Anti-social Behaviour, Crime and Policing Bill Debate
Full Debate: Read Full DebateJulian Huppert
Main Page: Julian Huppert (Liberal Democrat - Cambridge)Department Debates - View all Julian Huppert's debates with the Ministry of Justice
(10 years, 10 months ago)
Commons ChamberI should add that I wish the House to agree to amendment (a).
Clause 151 defines what amounts to a “miscarriage of justice” for the purposes of compensation under section 133 of the Criminal Justice Act 1988. There has been much debate about the clause, both here and in the House of Lords, and I am indebted to all who have contributed to examining this important issue. The Government have taken account of all the points that have been made and all the concerns that have been expressed, and our position has changed as a result of the very good debates that have taken place in Committee here as well as in the House of Lords.
I was pleased to note that Members of both Houses and members of the Joint Committee on Human Rights agreed with us that that the current definition set out by the divisional court in the case of Ali was not clear enough, that we needed to legislate for a clear definition of a miscarriage of justice given the ongoing uncertainty and reinterpretation of definitions by the courts, and that our aim was not to seek to restrict compensation, but to provide clarity. The question that remains before us is how it can be determined whether someone has suffered a miscarriage of justice.

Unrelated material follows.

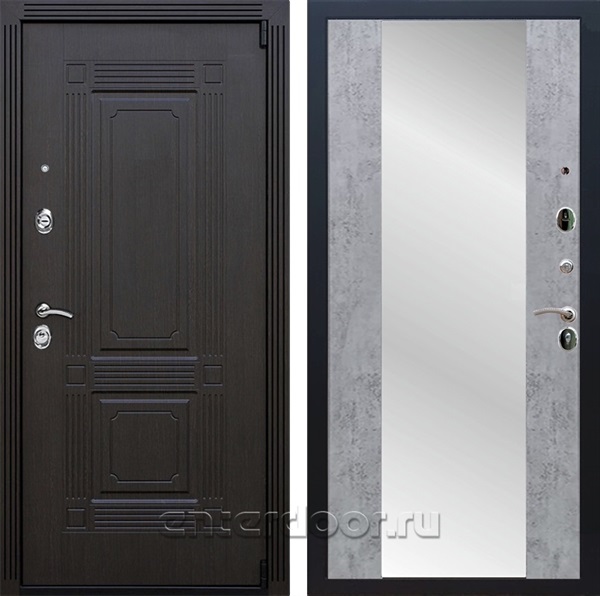 Входная дверь Армада Эстет 3к с зеркалом СБ-16 (Венге / Бетон темный) - фото 102919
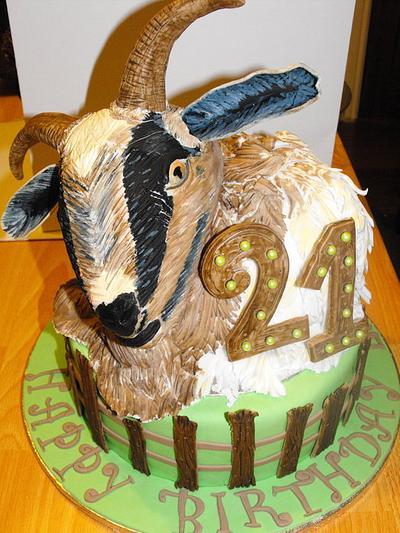 Reginald the goat - Cake by Nelly Konradi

This is indeed a complex issue. When a case is properly brought to court—that is, when there is evidence of a crime on which it is right to ask a jury to adjudicate—there is no miscarriage of justice when the result of the trial is an acquittal, or even in very many of the cases in which a guilty verdict is later quashed as unsafe. The Government believe that a miscarriage of justice arises only when there is in existence a fact which entirely exonerates the accused: in other words, a fact which makes it unquestionable that the accused did not commit the crime. In such cases, it is only the ignorance of this fact that allowed the accused to be convicted in the first place. What we are seeking to define is something far more than merely a failure in the investigative or trial processes. We are seeking to define a clear miscarriage of justice which is—and, in our view, can only be—the wrongful conviction of the innocent.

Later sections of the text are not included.